Landforms contribute to plant biodiversity at alpha, beta and gamma levels
Aim Geodiversity underpins biodiversity, but the contribution of specific geofeatures or landforms has rarely been explored. In this study, we use multiple vascular plant species diversity measures on alpha, beta and gamma levels to explore the linkage between biodiversity and co‐located landforms (e.g. gullies, dunes and lake shores). We hypothesize that biodiversity will be positively related to geodiversity, which is founded on distinct landforms.
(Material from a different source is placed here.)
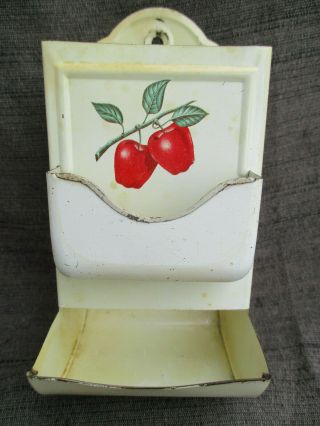 Vintage 1950s - 1960s Tin Wall Mount Kitchen Matches Matchbox Holder W Apples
Additionally, we propose that different landforms will sustain different amounts of biodiversity and that high alpha and gamma diversity values are related to landform‐driven moisture availability whereas high beta diversity relates especially to landform‐specific microtopographic variation. Location Rokua UNESCO Global Geopark area, Finland. Taxon Vascular plants. Methods We compare vascular plant species richness measures, Shannon's and Simpson's diversity indices, rarity‐weighted richness and local contribution to beta diversity at altogether three levels of biodiversity (alpha, beta and gamma) for different landforms. Landform information is compiled from aerial photos, spatial data layers and targeted field surveys. We compare results to control habitat (i.e. sites without any distinct landforms) within the study area. Results Vascular plant diversity was higher on landforms than in control habitat. There was also notable variation between species diversity of different landforms. Moisture‐rich gullies and river shores were especially diverse at all three levels, whereas aapa mires hosted most unique species composition (highest beta diversity). Beta diversity patterns were rather comparable with alpha and gamma diversity patterns, which contradict our hypothesis. Main conclusions This study quantitatively established a strong connection between terrestrial plant communities and multiple landforms. Our results highlighted the landform‐controlled variation in soil moisture, microclimate and microtopography in enhancing plant species diversity. Based on the results, we promote the inclusion of landform‐based geodiversity information in conservation management and in further biogeographical studies.